• _WHAT TO WORK ON_:
Transcribe the listing that follows in full, exactly, and drop its images.

• _DATA PROVIDED_:
-----

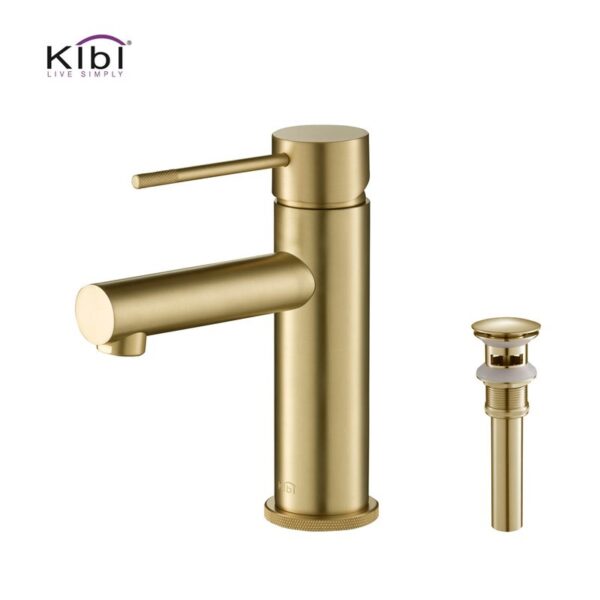 KIBI USA C-KBF1010-KPW100 Circular X 6 7/8 Inch Single Hole Deck Mounted Luxury Solid Brass Single Hole Bathroom Faucet with Pop Up Drain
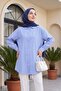 Serpme Stone Detailed Striped Shirt - Blue - 4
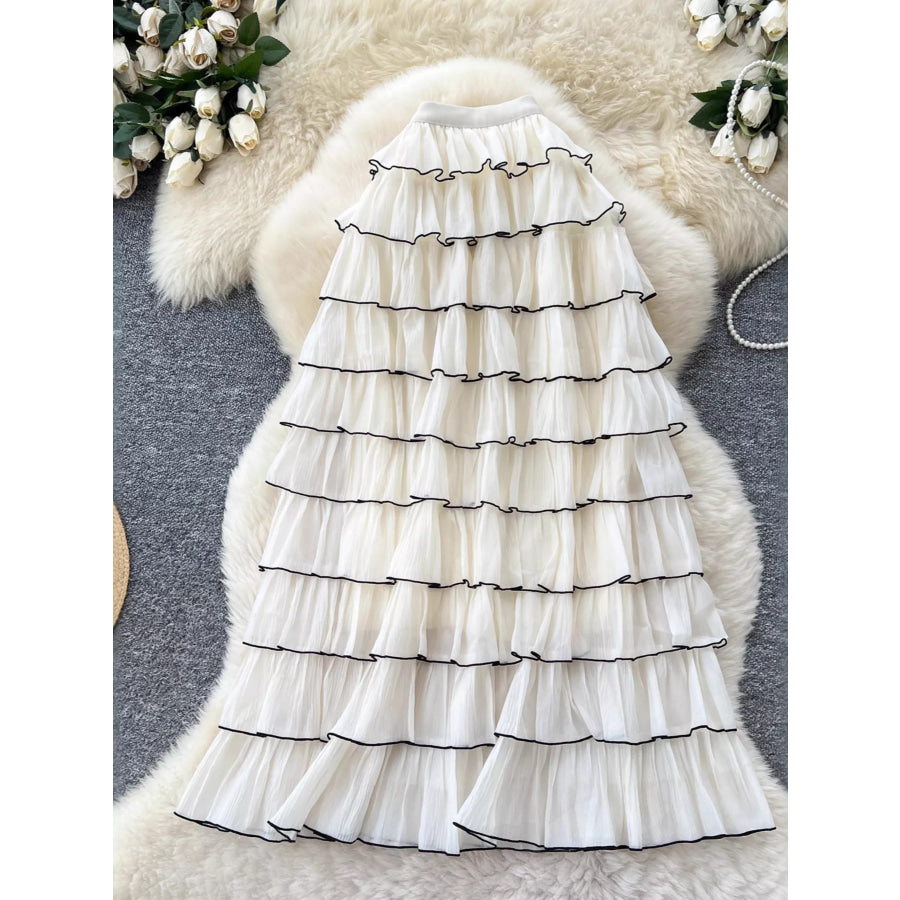 Ruffled Contrast Trim Skirt Apricot / One Size Apparel and Accessories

-----

• _WRITTEN SOLUTION_:
 KIBI USA C-KBF1010-KPW100 Circular X 6 7/8 Inch Single Hole Deck Mounted Luxury Solid Brass Single Hole Bathroom Faucet with Pop Up Drain
 Serpme Stone Detailed Striped Shirt - Blue - 4
 Ruffled Contrast Trim Skirt Apricot / One Size Apparel and Accessories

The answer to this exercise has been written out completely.